Our democracies are failing. Division within them is the order of the day. “Polarization is tearing at the seams of democracies around the world, from Brazil and India to Poland and Turkey. It isn’t just an American illness; it’s a global one” (“How to Understand the Global Spread of Political Polarization,” CarnegieEndowment.org, October 1, 2019).

The U.S. is more divided today than at any time since the American Civil War—and what will happen to the rest of the world if America tears itself apart? As Jesus proclaimed, “Every kingdom divided against itself is brought to desolation, and a house divided against a house falls” (Luke 11:17).

Yes, a lot has changed since 9/11. So, we must ask: How did we go so wrong in the last 20 years? What is the cause of our problems?

Connecting the Dots of Biblical Prophecy

The God of the Bible inspired the prophet Moses to proclaim a choice for His people. If they obeyed God there would be wonderful blessings, but if they disobeyed Him, there would be terrible consequences. You may not at this time understand the identity of most of the Western nations—including the United Kingdom, the U.S., Canada, Australia, New Zealand, South Africa, and many of the nations of northwestern Europe—but you can understand the mind of God through His word.

Take a look at the blessings and curses found in Leviticus 26. Those blessings include rain in due season, abundant crops, good health, and great military strength against enemies. But then, beginning in verse 14, we learn the results of disobedience. Can we connect the dots between our behaviors and the curses God pronounced on those who would disobey Him?

But if you do not obey Me, and do not observe all these commandments, and if you despise My statutes, or if your soul abhors My judgments, so that you do not perform all My commandments, but break My covenant, I also will do this to you: I will even appoint terror over you, wasting disease and fever which shall consume the eyes and cause sorrow of heart. And you shall sow your seed in vain, for your enemies shall eat it (Leviticus 26:14–16).

Note the order of events as emphasized above. It was evident for several years prior to 9/11 that Americans and others had begun not only neglecting, but actually despising God’s law. And the result? Americans and others have been fighting a war against terrorism since 9/11, with America long mired in conflicts in Iraq, Afghanistan, and Syria. Only this year has the U.S. withdrawn from 18 years of conflict in Afghanistan—its longest war by far—and who knows what it will have to show for it in the end?

Further, the whole world has been fighting a war against disease. And the western U.S. and Canada are in one of the worst droughts in recent history. Note this astonishing report from The Guardian:

On Sunday, the small mountain town of Lytton, British Columbia, became one of the hottest places in the world. Then, on Monday, Lytton got even hotter—47.9C (118F)—hotter than it’s ever been in Las Vegas, 1,300 miles to the south. And by Tuesday, 49.6C (121F). Lytton is at 50 deg N latitude—about the same as London. This part of the world should never get this hot. Seattle’s new all-time record of 108F, also set Monday, is hotter than it’s ever been in Miami. In Portland, the new record of 116F would beat the warmest day ever recorded in Houston by nearly 10 degrees (“How did a small town in Canada become one of the hottest places on Earth?,” TheGuardian.com, June 30, 2021).
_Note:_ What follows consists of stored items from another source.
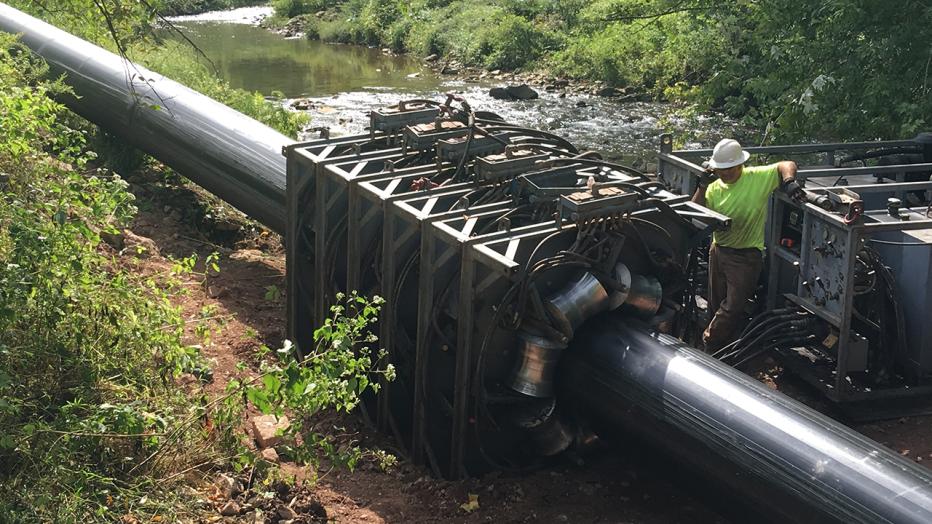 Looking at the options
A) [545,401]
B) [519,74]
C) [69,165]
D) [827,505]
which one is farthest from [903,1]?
[519,74]

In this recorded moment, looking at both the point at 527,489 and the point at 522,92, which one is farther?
the point at 522,92

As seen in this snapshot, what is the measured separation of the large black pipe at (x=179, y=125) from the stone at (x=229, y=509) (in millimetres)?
3850

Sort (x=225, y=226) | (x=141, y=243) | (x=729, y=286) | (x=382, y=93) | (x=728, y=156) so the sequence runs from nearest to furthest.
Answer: (x=728, y=156), (x=729, y=286), (x=141, y=243), (x=225, y=226), (x=382, y=93)

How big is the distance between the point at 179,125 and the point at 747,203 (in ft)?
17.6

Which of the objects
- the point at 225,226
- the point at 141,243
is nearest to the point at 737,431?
the point at 141,243

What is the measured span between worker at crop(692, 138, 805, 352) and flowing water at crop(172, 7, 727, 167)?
5936 millimetres

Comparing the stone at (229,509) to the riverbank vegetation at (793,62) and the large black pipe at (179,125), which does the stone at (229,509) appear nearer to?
the large black pipe at (179,125)

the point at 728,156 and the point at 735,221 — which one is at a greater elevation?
the point at 728,156

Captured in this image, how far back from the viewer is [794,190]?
7254mm

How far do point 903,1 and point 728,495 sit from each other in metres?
7.73

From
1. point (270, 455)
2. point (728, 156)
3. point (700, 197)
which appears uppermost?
point (728, 156)

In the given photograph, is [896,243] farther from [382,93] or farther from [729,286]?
[382,93]

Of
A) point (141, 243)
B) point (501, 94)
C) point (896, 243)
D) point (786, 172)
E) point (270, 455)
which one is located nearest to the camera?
point (270, 455)

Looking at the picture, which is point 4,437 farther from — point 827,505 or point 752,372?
point 752,372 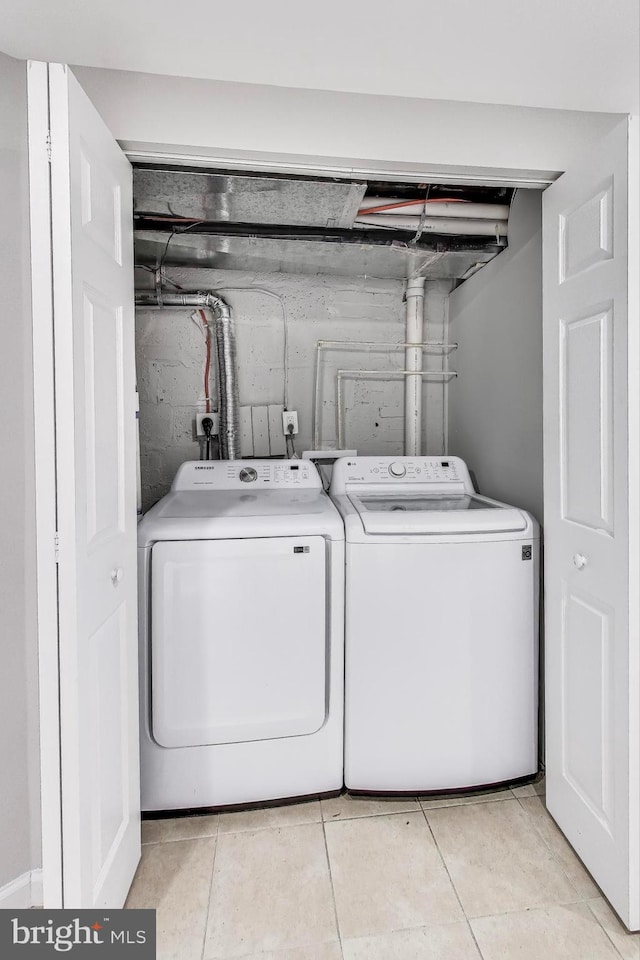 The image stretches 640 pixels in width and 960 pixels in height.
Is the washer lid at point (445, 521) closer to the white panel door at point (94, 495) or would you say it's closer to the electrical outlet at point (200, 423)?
the white panel door at point (94, 495)

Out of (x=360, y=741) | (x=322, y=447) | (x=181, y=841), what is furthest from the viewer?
(x=322, y=447)

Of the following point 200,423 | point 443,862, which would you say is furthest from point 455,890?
point 200,423

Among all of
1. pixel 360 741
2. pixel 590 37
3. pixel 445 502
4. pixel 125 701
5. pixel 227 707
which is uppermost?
pixel 590 37

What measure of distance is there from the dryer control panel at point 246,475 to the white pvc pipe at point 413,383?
670mm

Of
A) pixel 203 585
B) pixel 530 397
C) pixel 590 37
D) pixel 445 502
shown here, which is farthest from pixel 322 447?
pixel 590 37

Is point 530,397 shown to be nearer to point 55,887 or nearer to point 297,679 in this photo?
point 297,679

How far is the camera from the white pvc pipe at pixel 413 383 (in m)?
2.72

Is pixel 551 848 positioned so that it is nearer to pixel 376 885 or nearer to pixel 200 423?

Some attribute this to global warming, but is that also the cause of terrorism and COVID-19? Why are all these troubles occurring at roughly the same time? Unless we turn around and move in a very different direction, here is our future: “I will set My face against you, and you shall be defeated by your enemies. Those who hate you shall reign over you, and you shall flee when no one pursues you” (Leviticus 26:17). Do not think it cannot happen. Connect the dots and reevaluate your life and choices—before it is too late.